500 pierres ont été changées. 150 pierres ont été sculptées. Elles ont été prises dans les carrières de Saint-Leu (Oise) pour la façade, de Saint-Maximin (Oise) pour les croisées d’ogives et de Tervoux (Vienne) pour les gargouilles. Les portails ont retrouvé leurs couleurs originelles.
Cependant, ce sont les restaurations des vitraux qui ont été les plus spectaculaires.
La première avait eu lieu en 1723, confiée à des artisans de la région. Ils avaient utilisé des plombs et des verres provenant d’autres vitraux abîmés, pour une restauration économique.
En 1851, à la suite du classement de l’église, une restauration plus ambitieuse est confiée à des maîtres verriers de Metz. Après la seconde guerre mondiale, puis entre 1976 et 1979 il faut intervenir à nouveau.

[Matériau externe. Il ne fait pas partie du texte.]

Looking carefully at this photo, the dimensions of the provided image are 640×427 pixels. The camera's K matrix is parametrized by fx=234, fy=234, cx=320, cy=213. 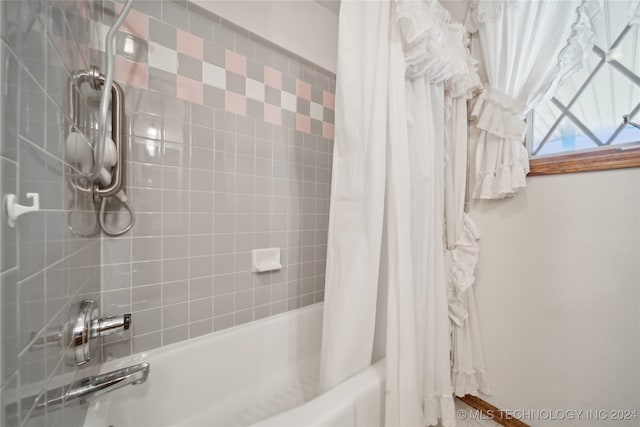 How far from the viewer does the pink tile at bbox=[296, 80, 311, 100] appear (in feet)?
4.18

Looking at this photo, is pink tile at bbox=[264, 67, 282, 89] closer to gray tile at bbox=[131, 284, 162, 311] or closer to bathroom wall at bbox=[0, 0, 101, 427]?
bathroom wall at bbox=[0, 0, 101, 427]

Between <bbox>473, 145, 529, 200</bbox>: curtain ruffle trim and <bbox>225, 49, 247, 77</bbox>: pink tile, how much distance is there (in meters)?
1.28

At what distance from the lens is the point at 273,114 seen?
1.18 m

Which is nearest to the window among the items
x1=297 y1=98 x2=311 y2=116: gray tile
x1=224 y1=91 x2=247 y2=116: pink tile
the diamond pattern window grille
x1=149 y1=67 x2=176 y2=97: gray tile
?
the diamond pattern window grille

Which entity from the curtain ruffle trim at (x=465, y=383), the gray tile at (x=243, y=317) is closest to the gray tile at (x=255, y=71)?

En 2008, la municipalité lance une grande campagne afin de restaurer 8 baies entre 2012 et 2015, 12 baies en 2017-2018, et 19 baies de 2022 à 2026.
Chaque vitrail est déposé, traité, avec le souci de supprimer le maximum de plombs de casses (les plombs posés antérieurement à chaque casse pour pouvoir conserver et relier les morceaux), ce qui, en réduisant le nombre de plombs augmente la lisibilité et la luminosité des vitraux.
Un verre de protection est posé en extérieur, dans la feuillure de l’ancien vitrail, pour le protéger de la pollution et des intempéries, puis le vitrail est reposé, en applique, à l’intérieur.
Ce travail de restauration est passionnant à étudier. Je ne le décris pas davantage, et je vous invite à regarder ce petit film mis en ligne par la ville de Montfort-L’Amaury.
Au moment où je termine d’écrire cet article je reçois la très belle revue n°66 de la SARRAF : elle contient, sous la plume de Christiane Métreau et Yvette Vibert un article très documenté sur cette restauration (envoyée aux abonnés, et disponible au siège de l’association).
Faut-il le rappeler ? Outre son église et son cimetière, Montfort-L’Amaury offre à ses visiteurs le charme de ses petites rues, derrière ses remparts, les ruines de son château, avec son panorama des pieds de la tour, et la maison de Ravel. Une belle visite à faire et refaire.